Jean McLucas, from nearby Merley, posted online: ‘We have just driven down it and I feel rather claustrophobic as you are actually hemmed in by the high kerbs on the nearside.

‘There is no ‘escape route’ to be able to move over out of the way of anything coming towards you on the wrong side of the road or even be able to move over to make a wider path to let emergency vehicles come through the middle.’

Chris Edwards, from Bournemouth, said: ‘Not sure how a fire engine could get through if the traffic is solid both ways as the curbs are too high to drive up to clear the way. Total waste of money and creating a potential danger.’

But a spokesperson for BCP Council insisted there was room for emergency vehicles to get through and said they do not advise cars to mount the kerb.

They said: ‘It is reassuring to see that vehicles are carefully moving to the side of the road creating space for the ambulance to pass.
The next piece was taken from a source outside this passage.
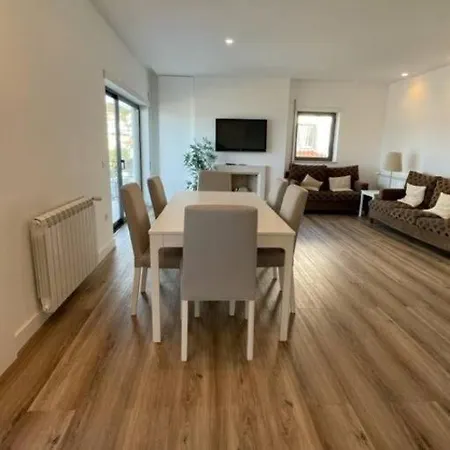 Em Frente A 아파트 *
It is not necessary to mount the kerb and we would not advise any vehicle to do this.

‘The carriageway on Whitelegg Way is between 6.4m and 6.6m wide, adhering to current national standards set by the Department for Transport.

‘It is able to be used safely by all vehicles, including emergency services vehicles, and has undergone, and will continue to undergo, a number of independent road safety audits.

‘The Transforming Cities Fund programme team are working with the emergency vehicle operators and have not received any objections about Whitelegg Way.’